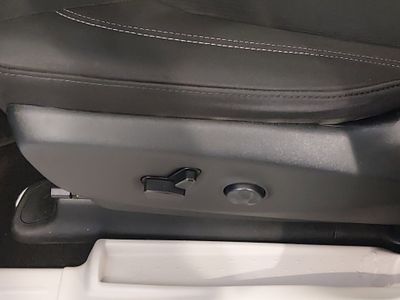 2023 Chrysler Voyager - Photo 21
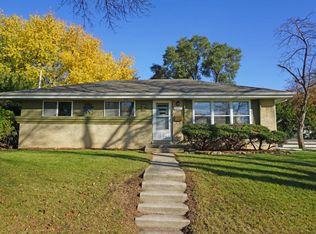 1537 S Grand Ave, Waukesha, WI 53189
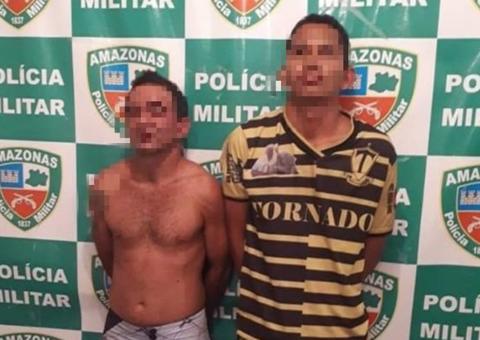 Bêbado e dirigindo carro roubado, homem e comparsa são presos após perseguição em Manaus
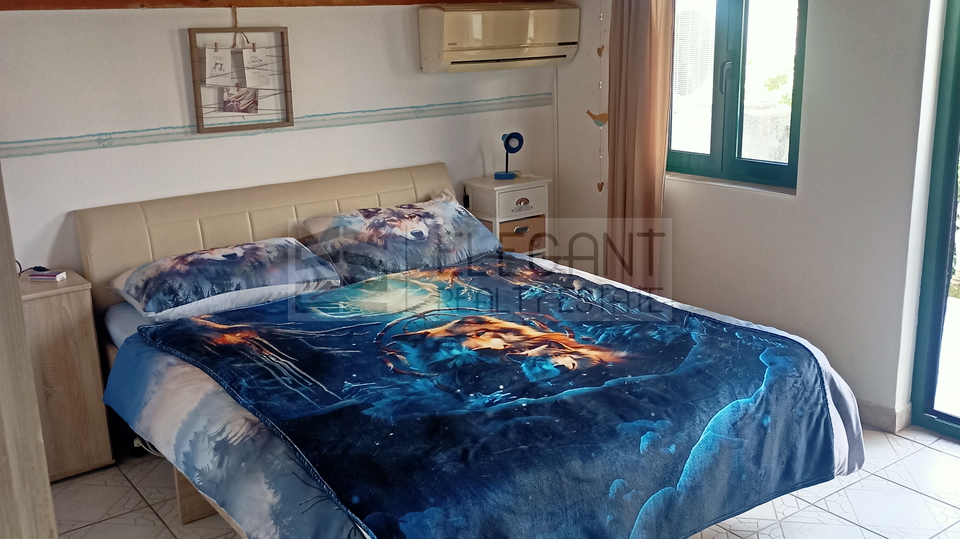 House, 118 m2, For Sale, Murter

* [Exercise details]:
Every line between the one containing "1537 S Grand Ave, Waukesha, WI 53189" and the last line of the data above, both included, should be copied exactly, but not the pictures.

* [Answer to the problem]:
 1537 S Grand Ave, Waukesha, WI 53189
 Bêbado e dirigindo carro roubado, homem e comparsa são presos após perseguição em Manaus
 House, 118 m2, For Sale, Murter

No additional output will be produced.